Little Fur Family is notable for its front cover, which features a patch of "fur" on the fur child's body that the reader can touch. The original edition of the book was entirely wrapped in real rabbit fur. At 50,000 copies printed, it has been estimated that 15,000 rabbits were killed and skinned to provide enough fur. The fur-covered original edition also—perhaps unintentionally—references Méret Oppenheim's well-known Surrealist art piece Breakfast in Fur (Object Le Déjeuner en fourrure), a fur-covered teacup, saucer and spoon.

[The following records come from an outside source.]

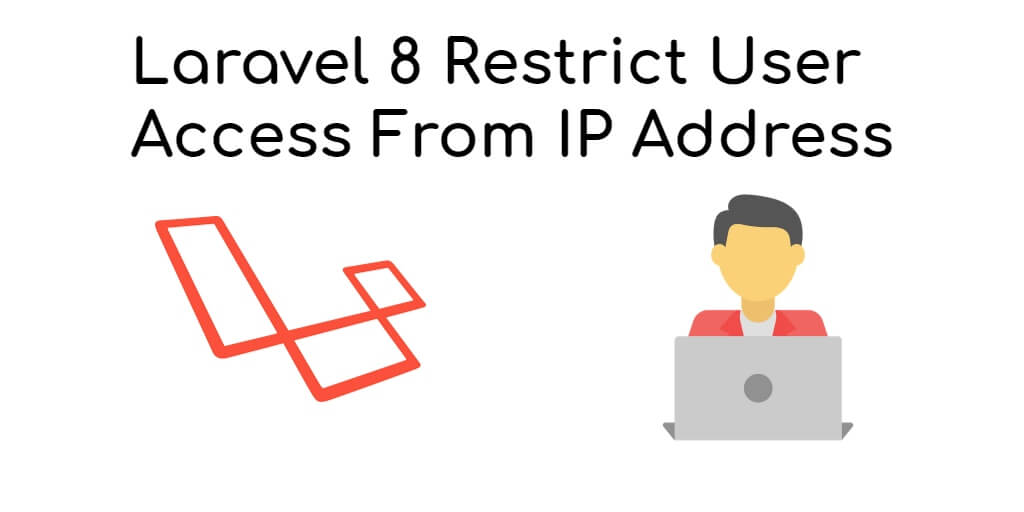 Laravel 8 Restrict User Access From IP Address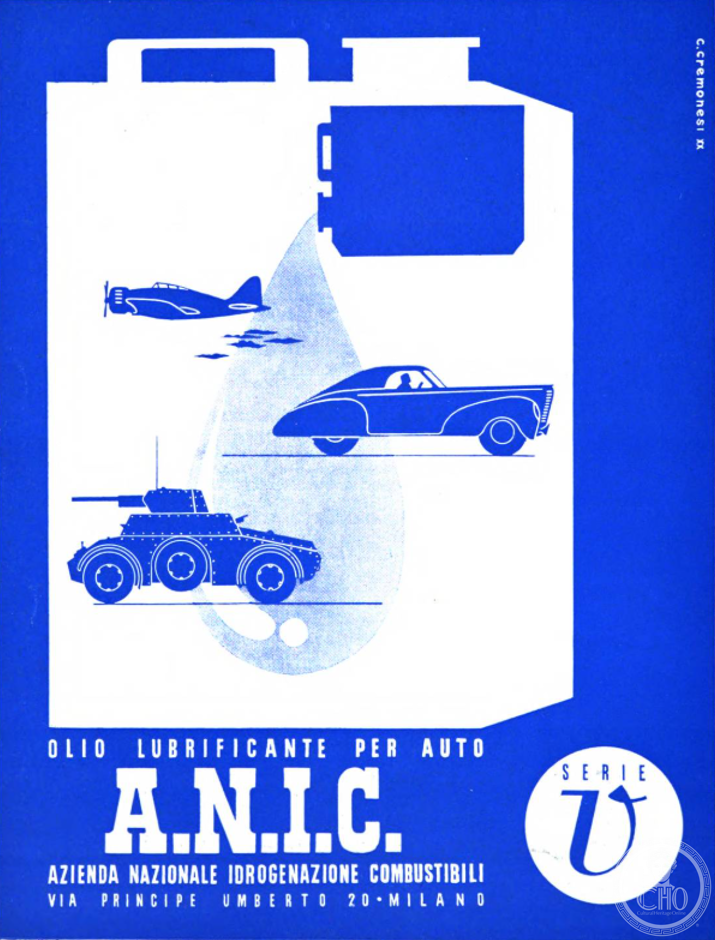 Lubricating oil for a war: the A.N.I.C. sheet signed C. Cremonesi, year XX Lubricating oil for a war: the A.N.I.C. sheet signed C. Cremonesi, year XX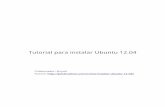 Tutorial para instalar Ubuntu 12 - alfa.facyt.uc.edu.vealfa.facyt.uc.edu.ve/~oreyes2/facytec/tutos/tutorial_ubuntu1204.pdf · nunca has instalado linux en tu pc entonces esta guía
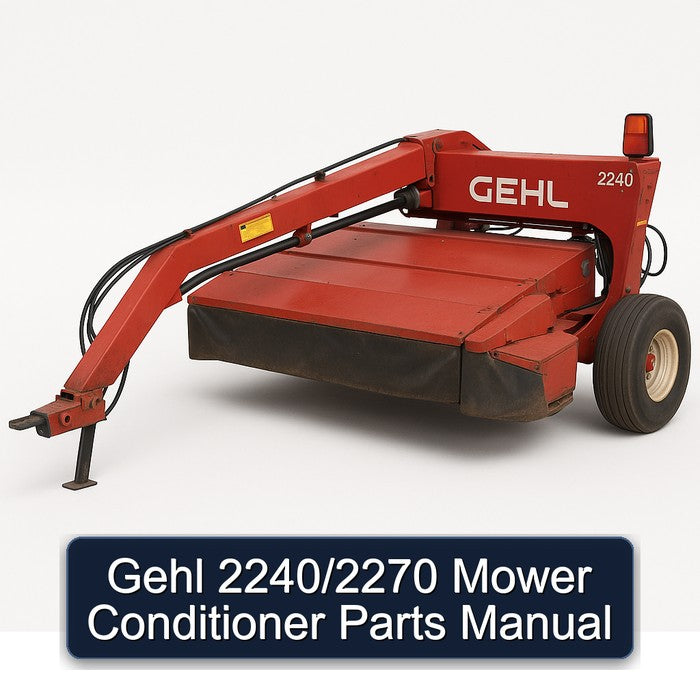 Gehl 2240/2270 Mower Conditioner Parts Catalog PDF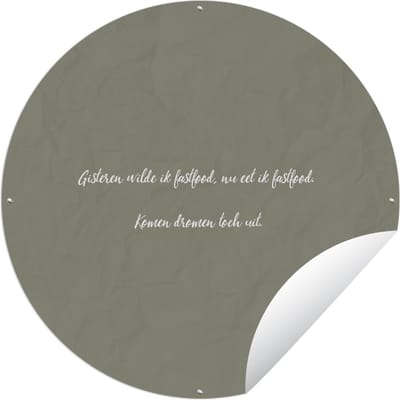 Tuincirkel Spreuken - Gisteren wilde ik fastfood - Fastfood lover - Quotes - 60x60 cm - Ronde Tuinposter - Buiten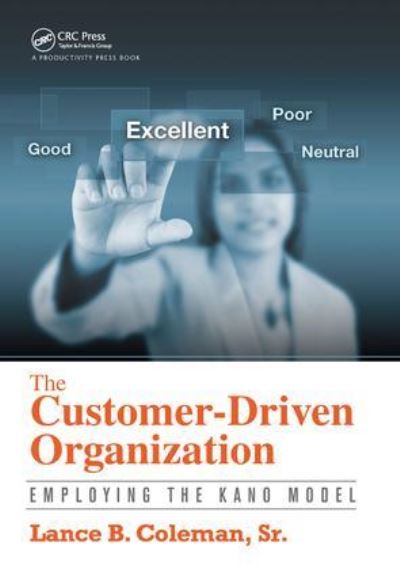 Cover for Sr. Coleman · The Customer-Driven Organization: Employing the Kano Model (Hardcover Book) (2017)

Editor Ursula Nordstrom knew the book would be a success when a mother wrote to tell her that her little boy had held open his copy at the dinner table and tried to feed it his supper.

== Plot summary ==
A little fur family (mother, father, and a child) live in a cozy house in a tree trunk. Secure in his cozy home, the fur child goes out to explore his world. He finds some creatures that are like him and others that are very different, including fish, a flying bug, and in one of the book's most memorable sequences, a tiny version of himself (which he kisses and sends it on its way). Even in the fur child's comfortable, familiar surroundings, there are just enough unfamiliar things to make his day interesting. At the end of the day, the child's parents and his dinner are waiting for him at home.

== Themes ==
The fur family are unidentifiable mammals. The book examines themes of exploration and discovery, the familiar and unfamiliar, and the simultaneous excitement and fear of the unknown. It has also been suggested that the book is a story of life and death, and "... the power struggles implicit in growing up.... By sparing the lives of the fish, the bug, and his miniature counterpart, the fur child shows that he knows how to use his new-found power benignly and well. In the poignant logic of the tale, acquiring that knowledge is recognizing the power of love."

Brown's text, always lyrical, alternates between rhyme and straight prose; as well as making much use of onomatopoeia.